“Hollywood surf and beach movies were extremely popular as they struck a chord with the teenage psyche. (Filmmakers) realize(d) that roughly two-thirds of the movie ticket buying public were between the ages of 15 and 25. The beach party movies were tailored squarely for that audience, combining their love of rock music with their hormonal thirst for titillation…”
“Hollywood Surf and Beach Movies: The First Wave, 1959-1969” by Thomas Lisanti (2012)
When I was 12 years old, in 1984, I was given some records by an aunt. I remember one was the soundtrack for The Monkees’ movie Head – which I later, foolishly, got rid of – and another was The Beach Boys iconic compilation Endless Summer. This began my lifelong fascination with what rock journalist Timothy White has called “the Southern California experience”.
One of the things this lead to was my becoming a skateboarder of sorts. Through skateboarding, I was well aware of the term “poser”; someone who adopts a persona with which they have no actual connection. So from the outset I realized that because I lived in Southern Ontario and was not able to nor prepared to give myself over totally to a life spent pursuing sun, water sports and calculated sloth, I would always be perceived as something of a poser. It was like Harry Connick not being fully embraced by the jazz world because he often followed his muse into other arenas.
Posers abounded in Hollywood in the early 1960’s. I’m talking specifically about the “beach party” movies that began with Columbia’s Gidget in 1959. I had loved these films for 30 years before I was able to find the perfect book devoted to them, Thomas Lisanti’s Hollywood Surf and Beach Movies.
I would’ve been happy with an encyclopedia that simply provided me with all the particulars of these films but Tom’s book is so much more. He has his own personal history discovering and watching these movies as a teenager and his fondness for them comes through in his text. He is also able to draw on the extensive interviews he has conducted with countless “B movie” actors and actresses throughout the years.
He gives detailed accounts of how, when and why these movies were made and by whom. His introduction also gives pertinent historical context and explains the societal climate in which these films were offered as idyllic representations of life to teenagers all over the US and indeed worldwide.

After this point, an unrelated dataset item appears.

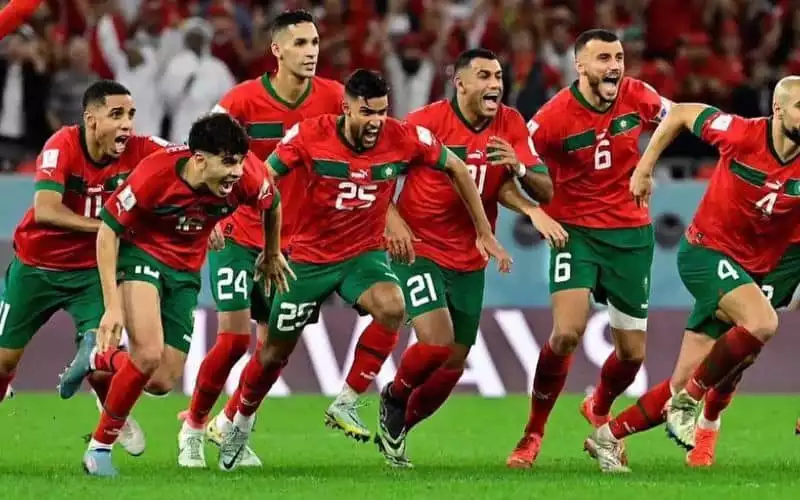Morocco's Historic World Cup Run Featured in FIFA Documentary Series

The entry for each film starts with title and year of release, of course, but Tom also provides detailed info as a bonus. Each entry begins with a ranking depicting how each film fares in vital areas: Fun, Surfing, Boy Watching, Girl Watching, Music and Scenery. Detailed credits follow with a listing of songs and performers. The plot is discussed plus behind-the-scenes production notes and finally some critics reviews. Some even not negative!
Tom is well aware that these films were disdained by surfers and the real kids that were living in Southern California and other seaside locales at the time. Frankie Avalon, Annette Funicello, Aron Kincaide, Dwayne Hickman, Fabian, et al. were certainly not authentic representations of surfers and the “plots” of these films were often contrived to the point of stupidity but Tom maintains that does not render these films bereft of merit.
The fact that a scholarly work like Tom’s exists is proof that these films are worthy to be defended and – if looked at through the proper prism – these movies can be thoroughly enjoyed – guilt-free – for the amount of pleasure they give the viewer. Let’s face it; most of us are posers when it comes to living the “salt life”. We simply don’t live near water or we have families and jobs, obligations etc. For us, these goofy films and the lifestyles they depict can be all we have and we hold them dear. Sure we know Frank’s not actually riding a wave in that shot but who cares? These films are fine company through the long winters.
Perhaps Lisanti’s most important accomplishment is the interviews. Like other perhaps more serious facets of culture and society have been preserved by interviews and other historical documents housed in museums, Tom’s interviews with these actors and actresses serve as an oral history and help to preserve the story of this unique and beloved genre before the participants begin to pass away. Sometimes the remembrances of a Tommy Kirk or a Valora Noland can be as helpful in understanding an era or the inner workings of Hollywood as those of a Frankie Avalon or a Nancy Sinatra.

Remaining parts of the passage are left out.